> **EXERCISE**: Lines before the one containing "Jewel fairy basslet" are not copied; that line and every one after it, through the end of the material below, are printed exactly, without pictures.

> **DATA RECORDS**:
□ □ □ □

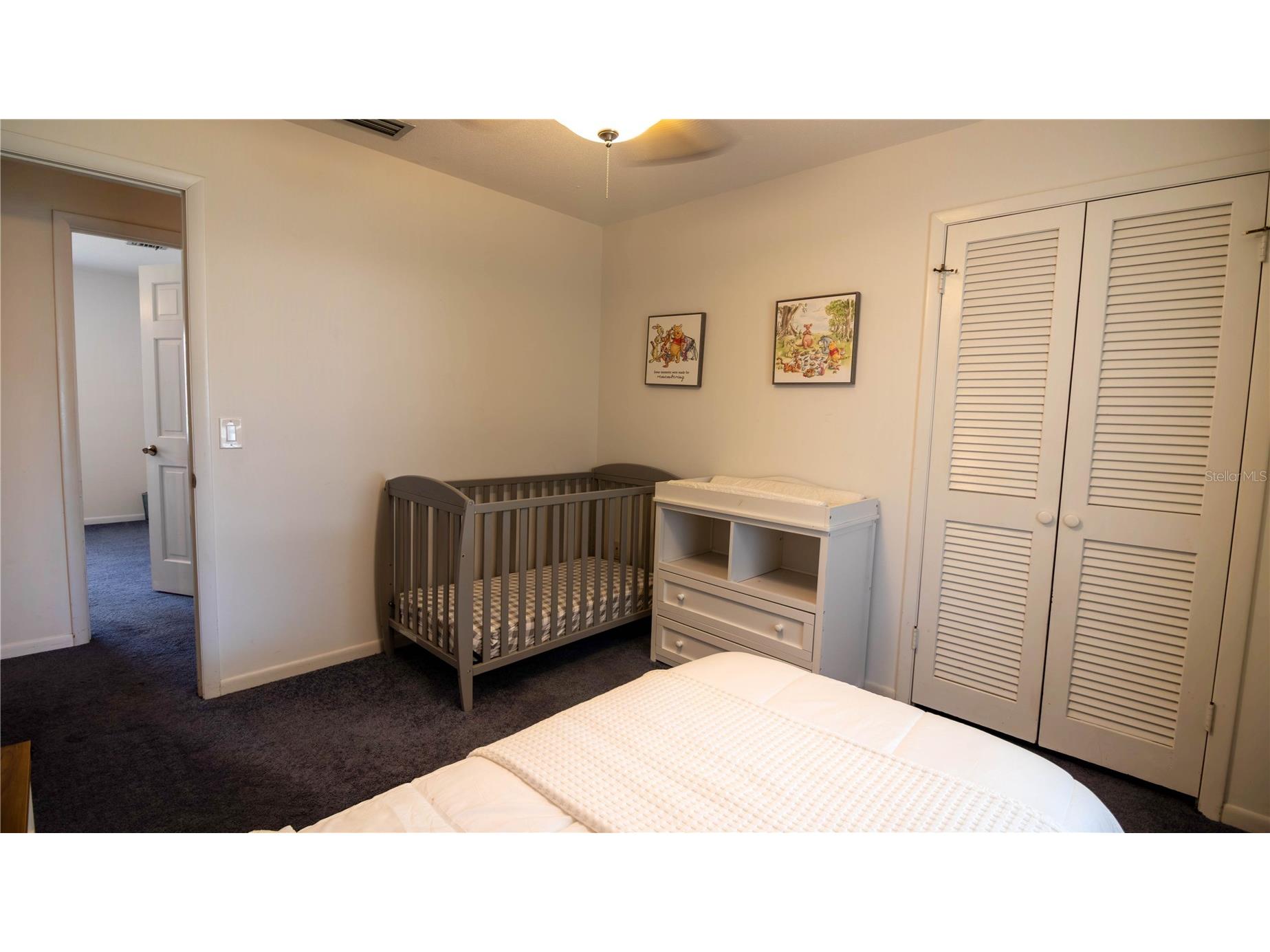 215 Morningside Drive Valrico FL 33594 TB8485689 image44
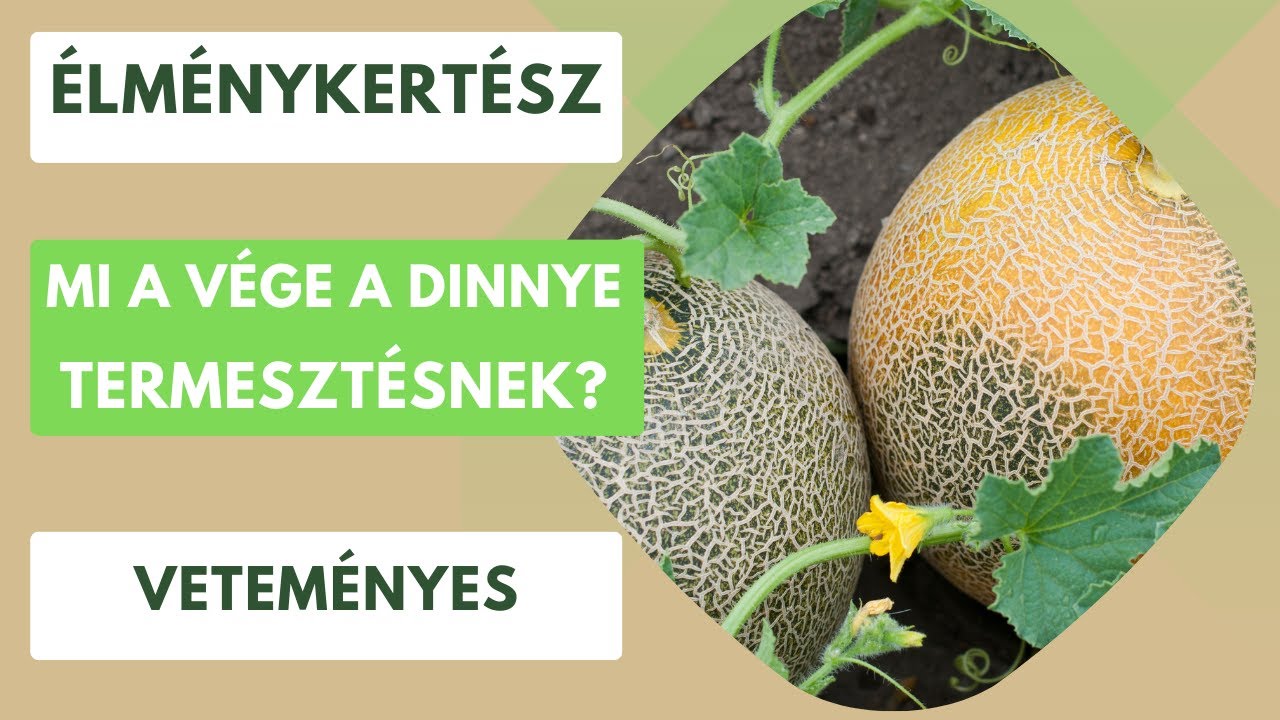 Mi lett a későn elkezdett dinnye termesztés vége?🍉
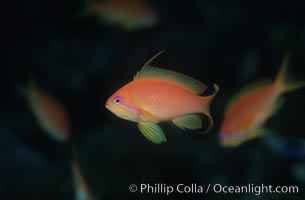 Jewel fairy basslet (female color form), also known as lyretail anthias, Pseudanthias squamipinnis, Egyptian Red Sea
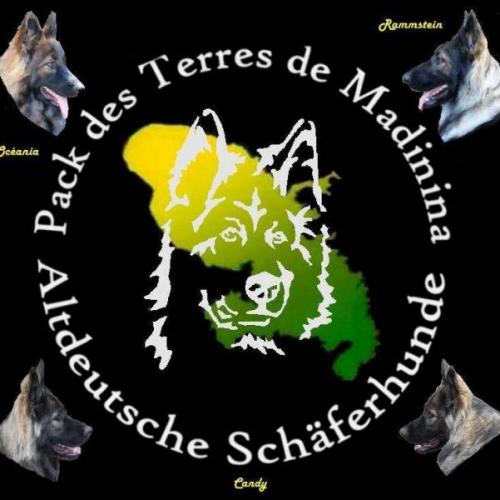 Elevage du Pack des Terres de Madinina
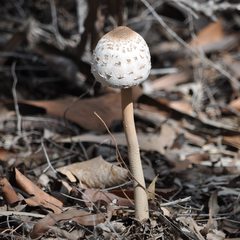 Agaricineae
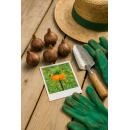 Exotenherz Blumenzwiebeln - Fritillaria Kaiserskrone `Garland Star` ( 5 Stück)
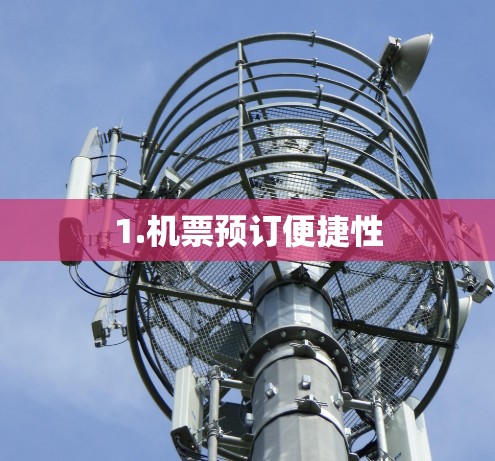 1.机票预订便捷性 1.机票预订便捷性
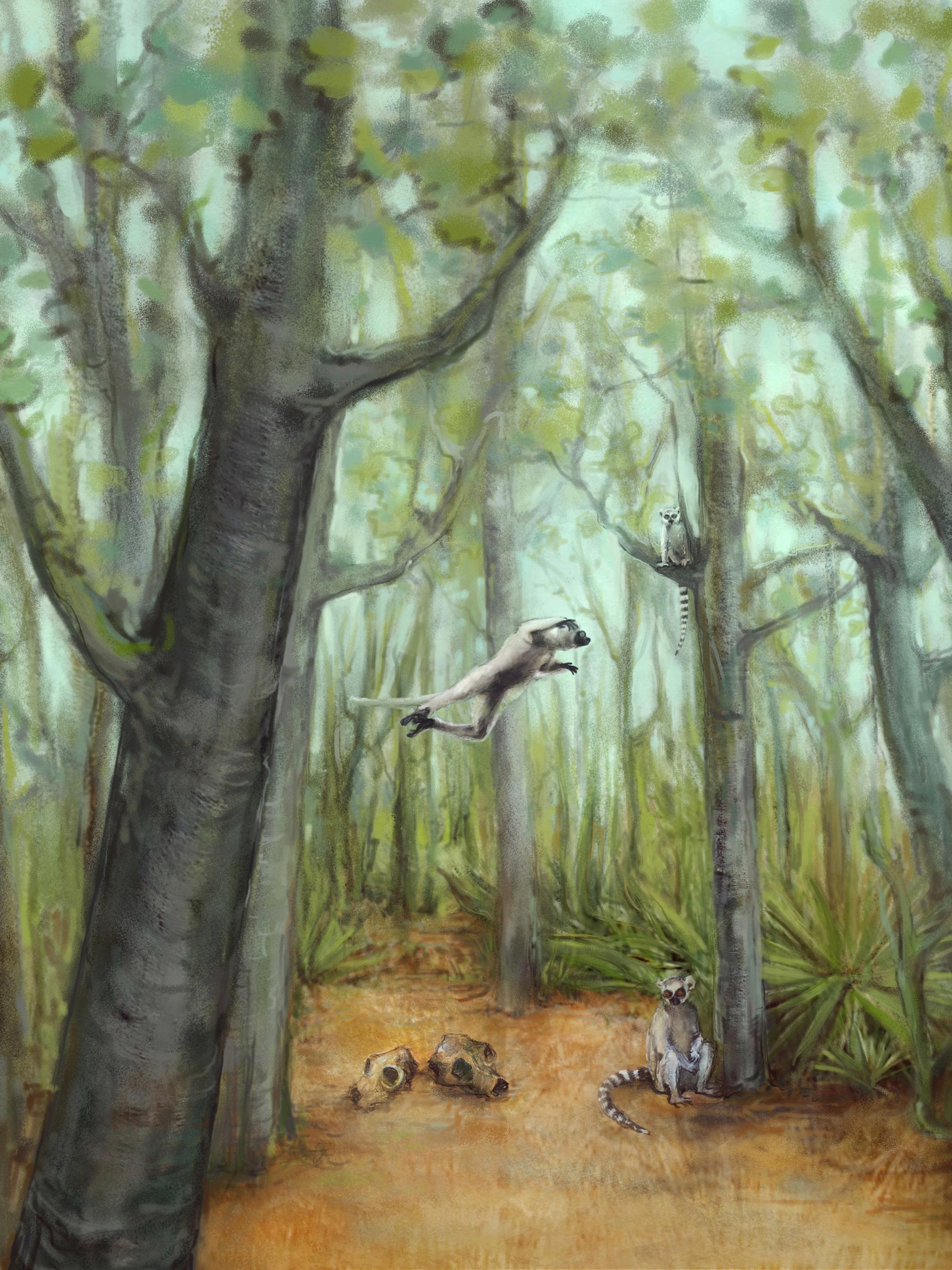Drawing of extant lemurs jumping in trees and extinct lemur skulls on the ground.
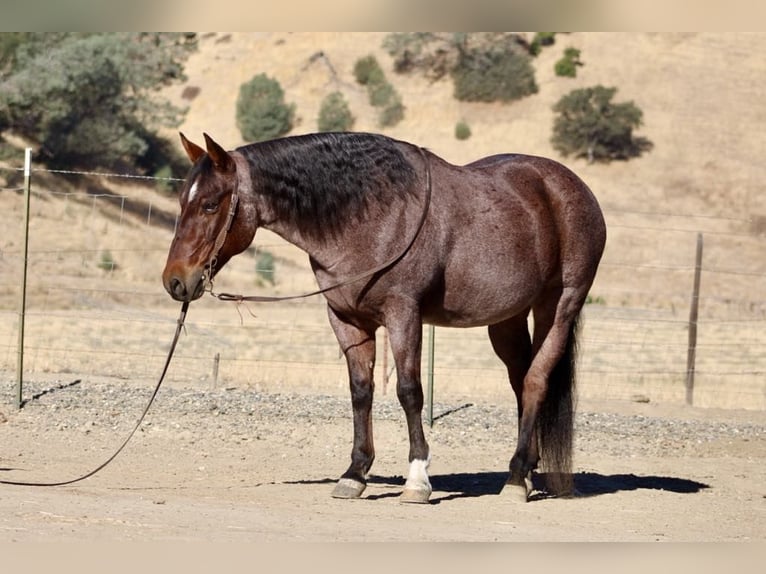 American Quarter Horse Ruin 10 Jaar 147 cm Roan-Red in Paicines CA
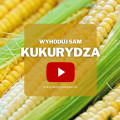 Kukurydza z ogrodu | Wyhoduj sam! 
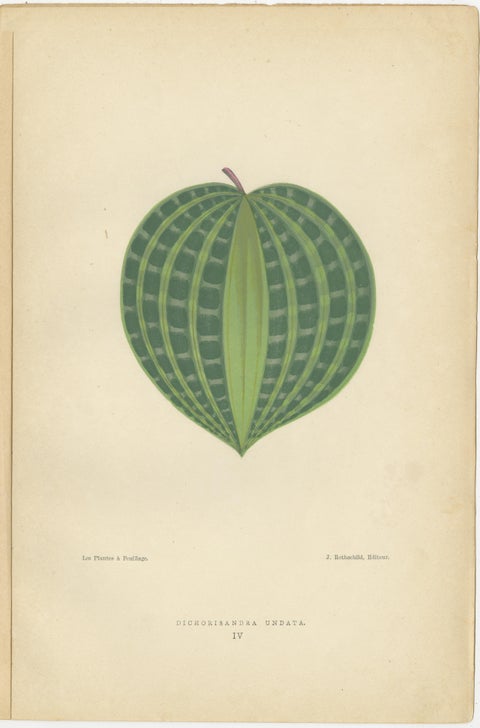 Victorian Elegance: A Trio of Ornamental Foliage from 1880 Paris, view 2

□ □ □ □

> **RESULT**:
 Jewel fairy basslet (female color form), also known as lyretail anthias, Pseudanthias squamipinnis, Egyptian Red Sea
 Elevage du Pack des Terres de Madinina
 Agaricineae
 Exotenherz Blumenzwiebeln - Fritillaria Kaiserskrone `Garland Star` ( 5 Stück)
 1.机票预订便捷性 1.机票预订便捷性
Drawing of extant lemurs jumping in trees and extinct lemur skulls on the ground.
 American Quarter Horse Ruin 10 Jaar 147 cm Roan-Red in Paicines CA
 Kukurydza z ogrodu | Wyhoduj sam! 
 Victorian Elegance: A Trio of Ornamental Foliage from 1880 Paris, view 2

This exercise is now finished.